Lincolnton Furniture Company closed abruptly this week just one year after it was hailed by President Barack Obama as an example of the recovering economy.
"We just didn't have any choice at this point," company financial officer Ben Causey said. "We needed more orders is really what it boiled down to. We thought they would materialize."
The closure comes on the heels of the latest jobs report that shows the unemployment rate in December remained at 7.8% and the underemployment rate stuck at 14.4% as more people give up looking for work altogether. The labor force participation rate, which measures the number of working age people (18-64) actively looking for work, continues to be a record low 63.6% according to the Bureau of Labor Statistics.
Both serve as reminders that, measured on the basis of jobs, GDP growth, and incomes, this has been by far the weakest recovery of the past 10 recessions. Since the recession ended, GDP growth has been 2.4% in 2010, 1.8% in 2011 and 1.7% in 2012 under Obama.
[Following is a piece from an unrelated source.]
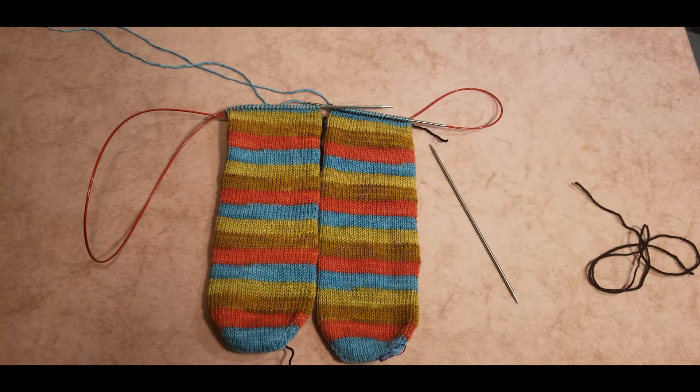Hello and welcome to Vokalama YouTube channel. I'm Natasha and I will be your host today. Today I would like to show you how to knit an afterthought heel.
In fact, if the same base number of people from four years ago were still looking for work instead of dropping out of the work force, the real unemployment rate would be at 10.7%. Instead, many have been forced to switch to welfare, with Medicaid recipients now at a record high 70.4 million Americans, food stamp recipients at a record high 47.7 million Americans and disability claims at a record high 8.8 million Americans – keeping one-third of the country on means-tested welfare (excluding Social Security and Medicare).
According to the Obama administration, unemployment was supposed to be down to 5.2% by now after passing the $831 billion stimulus. So much for the near trillion-dollar leap of faith in the Keynesian "multiplier" effect of government spending.
At this pace of job growth, the U.S. won't return to pre-recession employment levels until after 2025, according to the Jobs Gap calculator from the Hamilton Project. If that proves accurate, then this recovery would be even slower than after the Great Depression.
The reason why economic recovery has been so weak is there is still no reason for the private sector to start spending the capital it's sitting on. Quite the opposite, with the capital gains tax being raised to 20% after the fiscal cliff deal, new taxes now being collected for Obamacare and an onslaught of new regulations coming from Washington (of which Obama waited until after the election to announce), investment, hiring and consumer spending looks to remain sluggish and low – keeping economic growth weak in 2013.
The private sector is where real economic recovery occurs and in this environment, it's almost impossible to establish a new business. Banks aren't lending, consumer spending isn't strong enough due to lower household net worth and stubbornly high unemployment, and regulations are stiffer than ever.
In fact, when questioned about the Lincolnton Furniture Company's shutdown, the owner's uncle responded, "starting a furniture business now is very difficult in this country."